> [Work to be completed]: Reproduce every record exactly.

---------- Material provided ----------

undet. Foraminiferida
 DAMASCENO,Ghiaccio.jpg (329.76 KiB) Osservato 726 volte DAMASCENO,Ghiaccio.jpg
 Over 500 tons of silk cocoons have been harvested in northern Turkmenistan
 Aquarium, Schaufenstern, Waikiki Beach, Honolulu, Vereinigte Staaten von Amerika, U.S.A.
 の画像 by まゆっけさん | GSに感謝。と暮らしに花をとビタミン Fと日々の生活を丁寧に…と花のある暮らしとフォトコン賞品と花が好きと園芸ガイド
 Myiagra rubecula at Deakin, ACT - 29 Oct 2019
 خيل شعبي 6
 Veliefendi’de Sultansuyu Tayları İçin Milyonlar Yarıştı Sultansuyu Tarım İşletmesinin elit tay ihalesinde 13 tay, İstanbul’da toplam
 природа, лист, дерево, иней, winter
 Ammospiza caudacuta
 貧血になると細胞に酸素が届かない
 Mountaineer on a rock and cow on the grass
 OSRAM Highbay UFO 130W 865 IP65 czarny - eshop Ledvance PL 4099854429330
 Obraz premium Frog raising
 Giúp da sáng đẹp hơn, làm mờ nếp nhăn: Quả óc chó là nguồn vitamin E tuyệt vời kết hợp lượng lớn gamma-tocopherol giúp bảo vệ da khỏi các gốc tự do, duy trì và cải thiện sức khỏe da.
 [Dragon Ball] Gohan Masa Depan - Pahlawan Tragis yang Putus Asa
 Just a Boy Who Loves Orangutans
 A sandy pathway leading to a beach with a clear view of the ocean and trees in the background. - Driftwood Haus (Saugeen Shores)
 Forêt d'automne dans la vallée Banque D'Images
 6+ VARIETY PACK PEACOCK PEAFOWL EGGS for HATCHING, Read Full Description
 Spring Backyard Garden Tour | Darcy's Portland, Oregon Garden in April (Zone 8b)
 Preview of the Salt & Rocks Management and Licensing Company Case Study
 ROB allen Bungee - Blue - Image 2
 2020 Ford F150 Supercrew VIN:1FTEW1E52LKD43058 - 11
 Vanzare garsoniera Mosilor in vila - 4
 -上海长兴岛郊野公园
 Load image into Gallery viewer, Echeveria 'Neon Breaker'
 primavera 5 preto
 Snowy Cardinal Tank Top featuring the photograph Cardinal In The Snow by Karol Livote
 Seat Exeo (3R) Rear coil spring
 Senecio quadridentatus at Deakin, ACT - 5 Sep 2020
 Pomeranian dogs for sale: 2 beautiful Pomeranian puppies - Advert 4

----------

> [Written answer]:
undet. Foraminiferida
 DAMASCENO,Ghiaccio.jpg (329.76 KiB) Osservato 726 volte DAMASCENO,Ghiaccio.jpg
 Over 500 tons of silk cocoons have been harvested in northern Turkmenistan
 Aquarium, Schaufenstern, Waikiki Beach, Honolulu, Vereinigte Staaten von Amerika, U.S.A.
 の画像 by まゆっけさん | GSに感謝。と暮らしに花をとビタミン Fと日々の生活を丁寧に…と花のある暮らしとフォトコン賞品と花が好きと園芸ガイド
 Myiagra rubecula at Deakin, ACT - 29 Oct 2019
 خيل شعبي 6
 Veliefendi’de Sultansuyu Tayları İçin Milyonlar Yarıştı Sultansuyu Tarım İşletmesinin elit tay ihalesinde 13 tay, İstanbul’da toplam
 природа, лист, дерево, иней, winter
 Ammospiza caudacuta
 貧血になると細胞に酸素が届かない
 Mountaineer on a rock and cow on the grass
 OSRAM Highbay UFO 130W 865 IP65 czarny - eshop Ledvance PL 4099854429330
 Obraz premium Frog raising
 Giúp da sáng đẹp hơn, làm mờ nếp nhăn: Quả óc chó là nguồn vitamin E tuyệt vời kết hợp lượng lớn gamma-tocopherol giúp bảo vệ da khỏi các gốc tự do, duy trì và cải thiện sức khỏe da.
 [Dragon Ball] Gohan Masa Depan - Pahlawan Tragis yang Putus Asa
 Just a Boy Who Loves Orangutans
 A sandy pathway leading to a beach with a clear view of the ocean and trees in the background. - Driftwood Haus (Saugeen Shores)
 Forêt d'automne dans la vallée Banque D'Images
 6+ VARIETY PACK PEACOCK PEAFOWL EGGS for HATCHING, Read Full Description
 Spring Backyard Garden Tour | Darcy's Portland, Oregon Garden in April (Zone 8b)
 Preview of the Salt & Rocks Management and Licensing Company Case Study
 ROB allen Bungee - Blue - Image 2
 2020 Ford F150 Supercrew VIN:1FTEW1E52LKD43058 - 11
 Vanzare garsoniera Mosilor in vila - 4
 -上海长兴岛郊野公园
 Load image into Gallery viewer, Echeveria 'Neon Breaker'
 primavera 5 preto
 Snowy Cardinal Tank Top featuring the photograph Cardinal In The Snow by Karol Livote
 Seat Exeo (3R) Rear coil spring
 Senecio quadridentatus at Deakin, ACT - 5 Sep 2020
 Pomeranian dogs for sale: 2 beautiful Pomeranian puppies - Advert 4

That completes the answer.